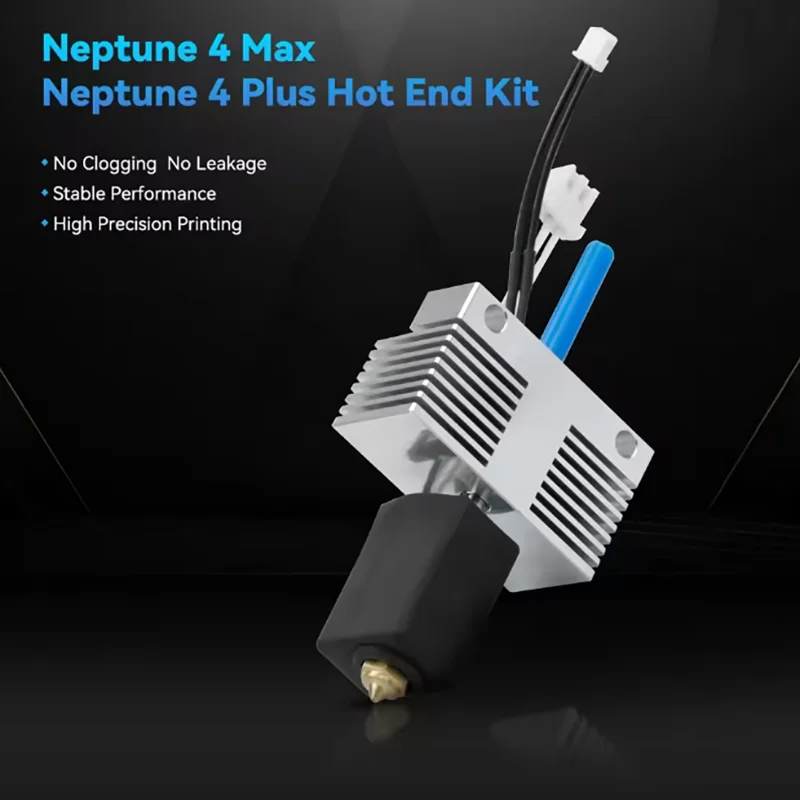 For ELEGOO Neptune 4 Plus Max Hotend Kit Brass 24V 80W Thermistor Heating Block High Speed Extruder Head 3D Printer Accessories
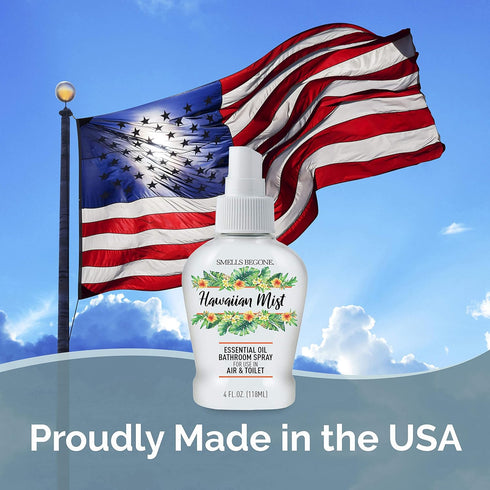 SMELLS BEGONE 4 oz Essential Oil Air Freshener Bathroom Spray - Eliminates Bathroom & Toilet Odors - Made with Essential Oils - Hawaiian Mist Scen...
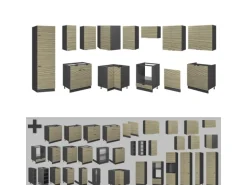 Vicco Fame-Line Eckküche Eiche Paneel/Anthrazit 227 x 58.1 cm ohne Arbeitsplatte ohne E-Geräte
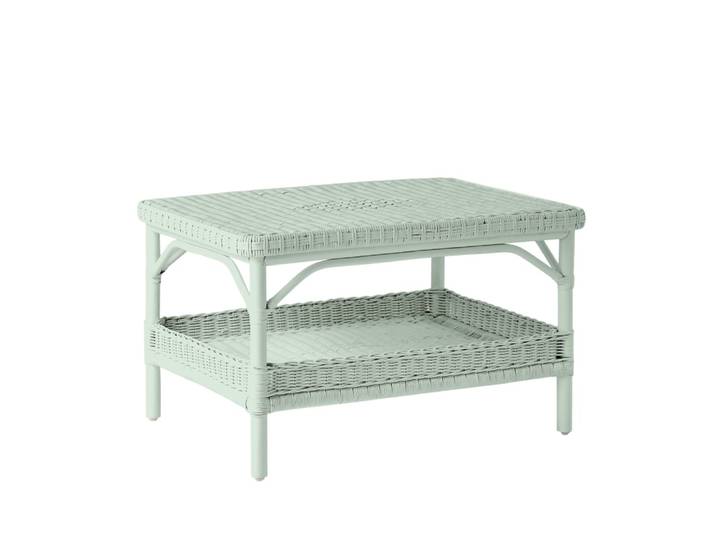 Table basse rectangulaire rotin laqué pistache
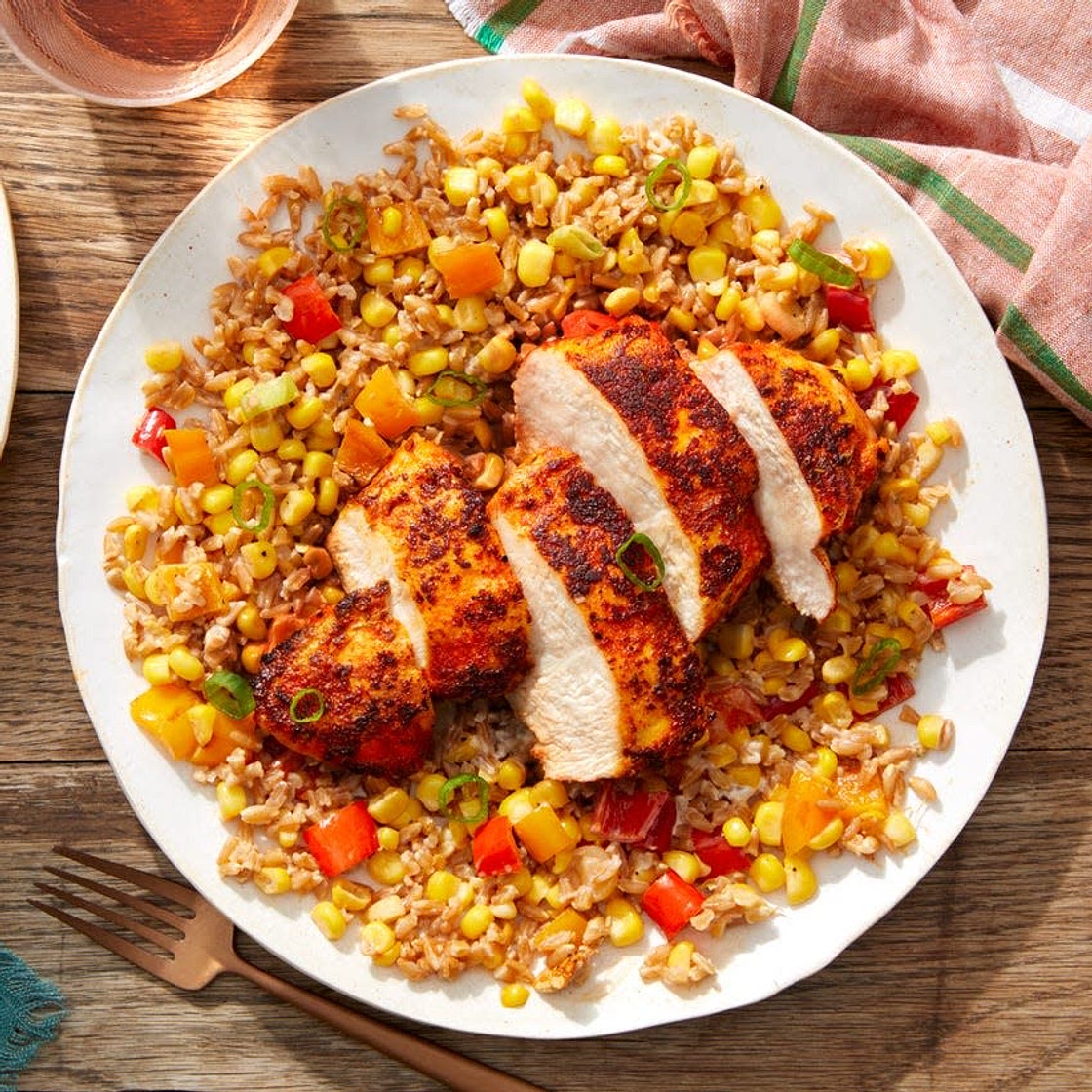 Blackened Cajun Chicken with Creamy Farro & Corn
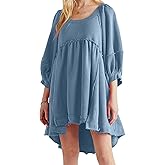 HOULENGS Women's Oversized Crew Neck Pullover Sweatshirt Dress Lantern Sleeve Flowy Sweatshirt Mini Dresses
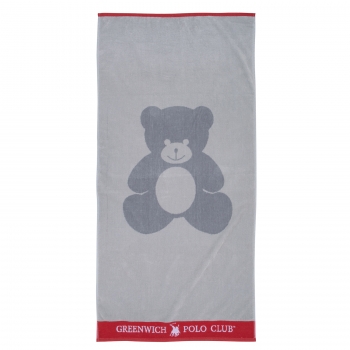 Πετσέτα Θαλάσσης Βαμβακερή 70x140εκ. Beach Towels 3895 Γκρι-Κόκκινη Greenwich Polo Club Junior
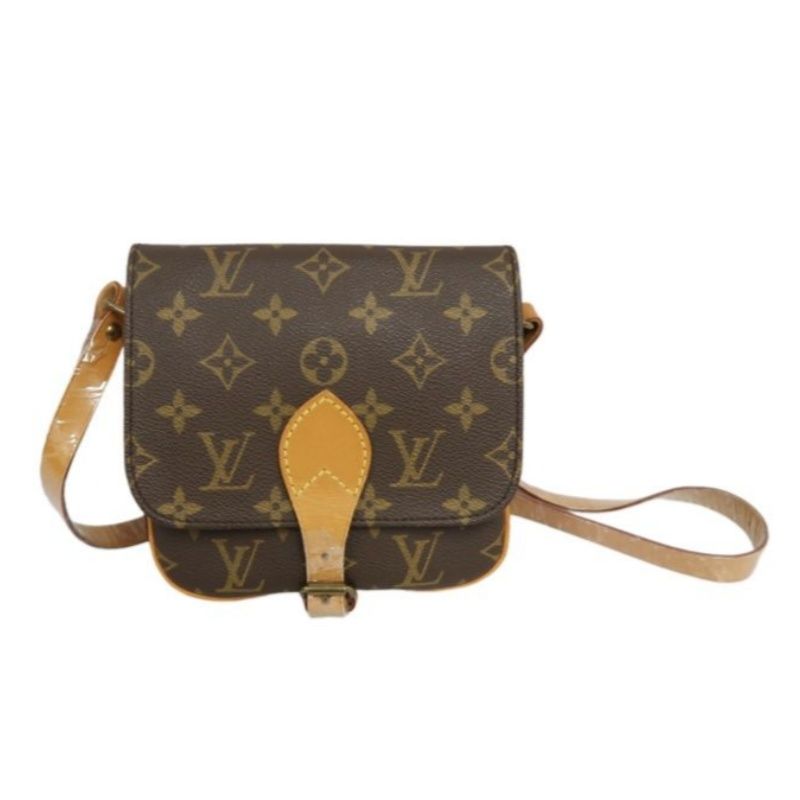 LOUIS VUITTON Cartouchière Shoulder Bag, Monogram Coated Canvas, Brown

· · · · · · ·

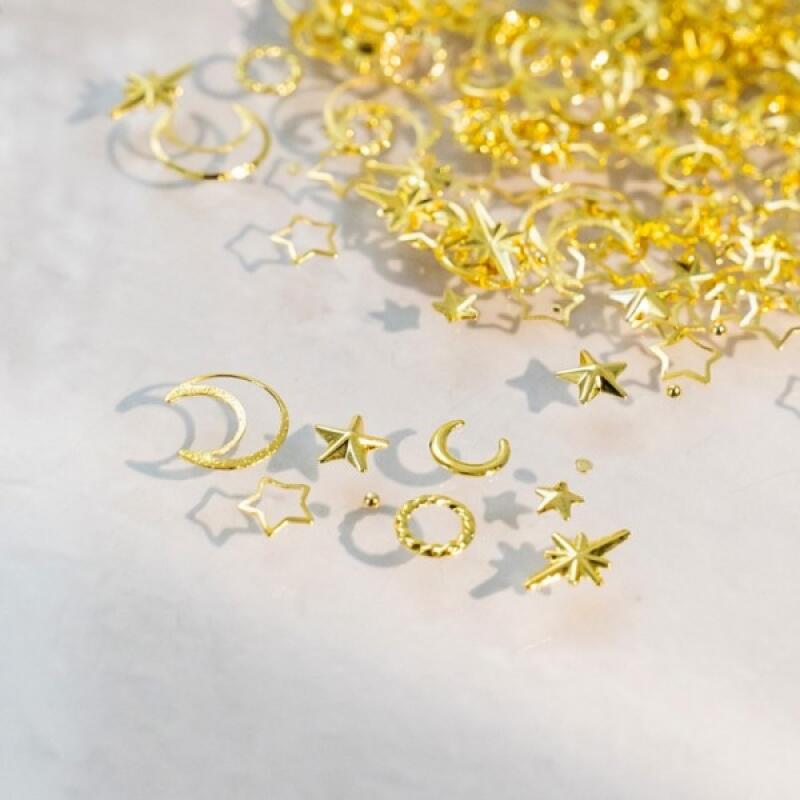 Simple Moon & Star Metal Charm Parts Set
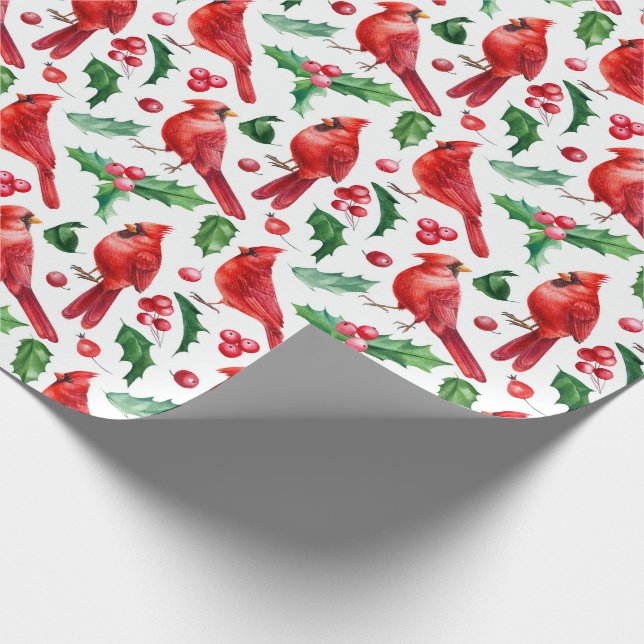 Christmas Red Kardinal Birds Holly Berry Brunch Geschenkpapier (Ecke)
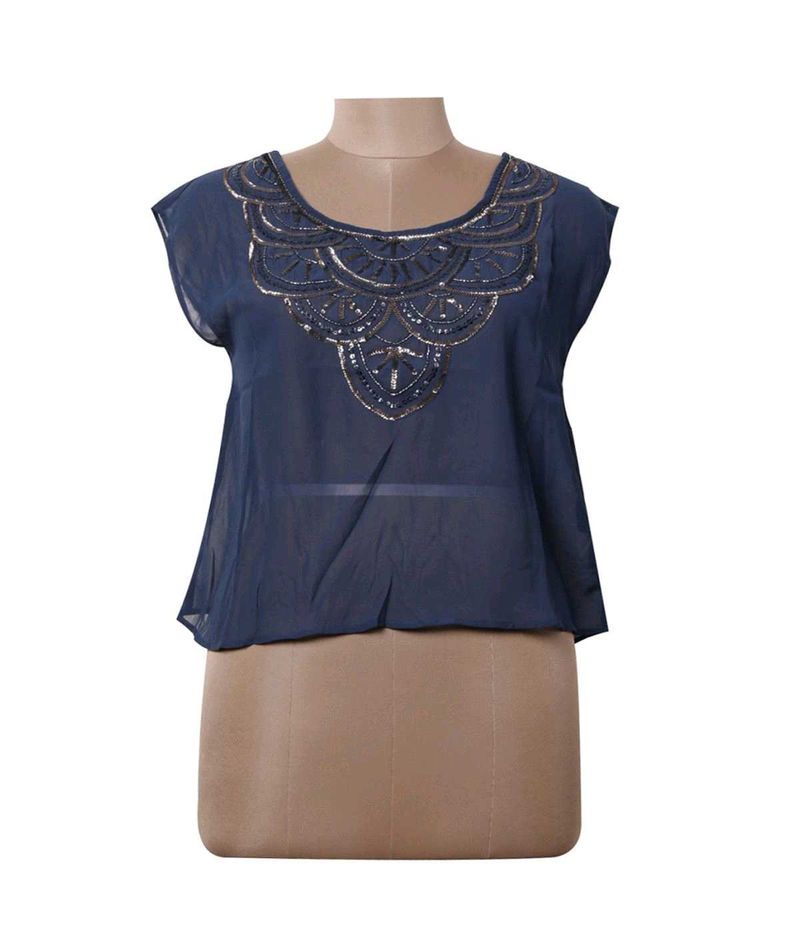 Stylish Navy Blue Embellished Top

· · · · · · ·

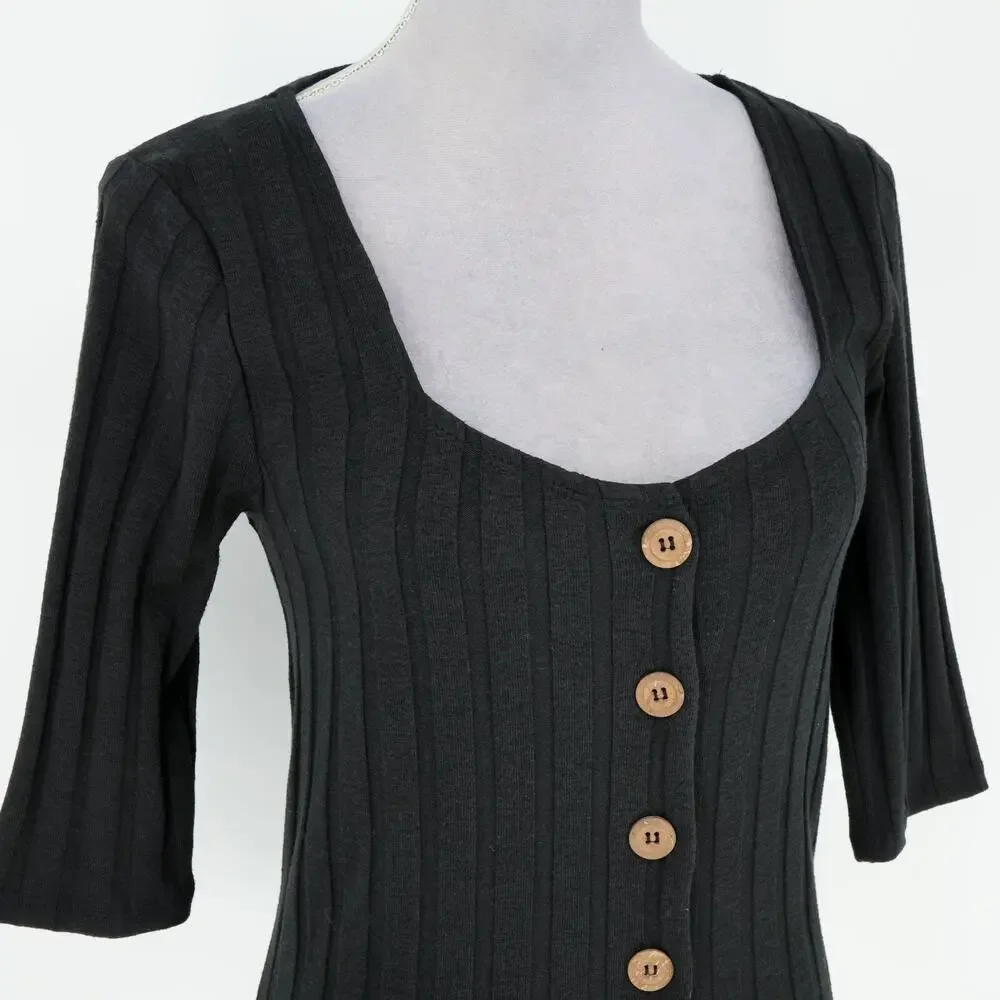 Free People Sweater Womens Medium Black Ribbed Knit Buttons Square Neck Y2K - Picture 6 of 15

· · · · · · ·

Work to be completed:
Would you copy the lines above exactly, starting with the one that has "For ELEGOO Neptune" and ending with the one that has "LOUIS VUITTON Cartouchière", both included, without the pictures?

Exercise result:
 For ELEGOO Neptune 4 Plus Max Hotend Kit Brass 24V 80W Thermistor Heating Block High Speed Extruder Head 3D Printer Accessories
 SMELLS BEGONE 4 oz Essential Oil Air Freshener Bathroom Spray - Eliminates Bathroom & Toilet Odors - Made with Essential Oils - Hawaiian Mist Scen...
 Vicco Fame-Line Eckküche Eiche Paneel/Anthrazit 227 x 58.1 cm ohne Arbeitsplatte ohne E-Geräte
 Table basse rectangulaire rotin laqué pistache
 Blackened Cajun Chicken with Creamy Farro & Corn
 HOULENGS Women's Oversized Crew Neck Pullover Sweatshirt Dress Lantern Sleeve Flowy Sweatshirt Mini Dresses
 Πετσέτα Θαλάσσης Βαμβακερή 70x140εκ. Beach Towels 3895 Γκρι-Κόκκινη Greenwich Polo Club Junior
 LOUIS VUITTON Cartouchière Shoulder Bag, Monogram Coated Canvas, Brown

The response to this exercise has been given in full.